I have found that the more you give the dog opportunities to earn his/her food, the more exciting the food becomes. Hope this helps.
Colette – adopted mom of “Peanut”, the dog who would not be touched, eat dog food or play with anything….he is now the easiest dog to train as he loves trading behaviours for food, or interactive time with me (he is also starting to have lots of fun with tug toys and small balls.)
Good question Christine above as I too have the same question! If I call one the entire pack seems to come back with the one that had the name call leading the way roaring back to the momma.
Is this just chase happening or are they responding just off any response as a return to me. Curious what others see.
Have you slept yet?
Thank you for this reminder, and for your passion.
This is the premise of the training I did in Schutzhund tracking. I had a trainer that thought like you do and taught us to allow our dogs to fail and work until they figured it out. Less help and more onus on the dog. Our dogs who trained this way were awesome trackers – hit a tough spot and kept on working. Dogs who were never allowed to fail tended to give up and overstress at those times.
And the failures were also planned. So I do this in most of my training just have not been able to apply it to recalls fully.
Thanks Susan,
This just reminds me that no matter how old or young a dog is you must ALWAYS have a PLAN! I think we kinda of slack on our older dogs and focus on the young ones….sigh. Thanks for the refresher talk and lets get planning!
Beth
Really reveals to me my own flaws as a trainer. Thank you, Susan!
In your article about recalls you talk about using a word and not their name (especially at first). If you have more than 1 dog, do you use the same word for them both? If they are both out running and I want to recall one of them, shouldn’t I have a seperate “come” word for each dog?
Very timely post for me- thank you Susan!
When we transform ourselves from doing things based on others perceptions, into doing things to improve ourselves and our habitat….we expand our comfort zones which frees our spirit, strengthens our self-confidence, and greatly opens up our true inner potential, of inner beauty…that only WE can truly love and appreciate.
So glad you wrote about this, Susan! So often we agility folks see our dogs stress in a trial situation or do things in a trial they’d “never do at home.” And these planned failures are a huge key to overcoming that “he never does this at home” issue!
Great post!
This is such an important part of training. This is becoming VERY evident to me lately with my two young dogs.

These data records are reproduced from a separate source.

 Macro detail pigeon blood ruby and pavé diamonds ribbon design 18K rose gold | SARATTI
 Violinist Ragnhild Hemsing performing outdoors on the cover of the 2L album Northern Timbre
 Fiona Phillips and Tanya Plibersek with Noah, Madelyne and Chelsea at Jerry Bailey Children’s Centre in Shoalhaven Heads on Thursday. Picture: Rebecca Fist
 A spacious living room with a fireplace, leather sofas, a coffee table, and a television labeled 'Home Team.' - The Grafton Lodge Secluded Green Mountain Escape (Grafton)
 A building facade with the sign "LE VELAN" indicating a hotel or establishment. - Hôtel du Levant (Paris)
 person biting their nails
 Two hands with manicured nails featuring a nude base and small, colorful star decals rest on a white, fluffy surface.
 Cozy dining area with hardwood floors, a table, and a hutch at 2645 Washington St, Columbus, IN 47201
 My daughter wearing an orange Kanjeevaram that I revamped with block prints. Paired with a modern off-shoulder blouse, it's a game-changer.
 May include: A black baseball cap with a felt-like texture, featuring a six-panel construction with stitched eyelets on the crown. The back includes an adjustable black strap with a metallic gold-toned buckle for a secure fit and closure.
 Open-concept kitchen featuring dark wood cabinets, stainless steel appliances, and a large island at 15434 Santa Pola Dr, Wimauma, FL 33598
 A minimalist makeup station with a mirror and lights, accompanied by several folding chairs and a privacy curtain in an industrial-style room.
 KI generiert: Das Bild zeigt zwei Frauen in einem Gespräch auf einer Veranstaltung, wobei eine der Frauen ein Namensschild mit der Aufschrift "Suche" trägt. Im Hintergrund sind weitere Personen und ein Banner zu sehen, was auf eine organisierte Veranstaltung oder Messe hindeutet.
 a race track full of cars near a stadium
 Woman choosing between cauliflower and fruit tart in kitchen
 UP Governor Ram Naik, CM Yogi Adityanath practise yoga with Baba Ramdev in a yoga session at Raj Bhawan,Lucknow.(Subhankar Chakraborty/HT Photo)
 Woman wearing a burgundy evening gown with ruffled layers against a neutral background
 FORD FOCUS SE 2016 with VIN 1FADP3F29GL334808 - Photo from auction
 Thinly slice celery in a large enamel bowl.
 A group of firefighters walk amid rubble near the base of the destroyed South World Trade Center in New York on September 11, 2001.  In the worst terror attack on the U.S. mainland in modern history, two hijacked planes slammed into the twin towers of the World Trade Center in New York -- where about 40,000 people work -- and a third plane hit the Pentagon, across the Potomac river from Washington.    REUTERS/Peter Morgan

My older girl has a very strong mind and handles stress by working harder and “embracing the challenge”, thus “lack of preparation” has never phased her. I’m learning with my younger two that there is a very fine line between not letting them rehearse something wrong and allowing them to experience failure. I have set up my younger dogs to always be successful and thus “learn it correctly” and am now realizing that I am the source of a lot of my male dog’s stress. 🙁 I never taught him how to fail, unfortunately his “shut down” is to run away and look for a reason to get put away (he will pee on equipment or run to another dog because that wins you a trip to the crate – which is what he wants) Unfortunately for both of us, I think that for me, having him be happy and successful has been very rewarding for ME so I often step in to “help him” without even really being aware of it. I had an absolutely awesome “a-ha moment” last night with my little girl and now we are on a mission to retrain ME so I don’t continue to make the same kind-hearted, but detrimental mistakes!
And thank you Susan, your passion for training continues to be inspiring and all of this is coming at a very good time for me right now!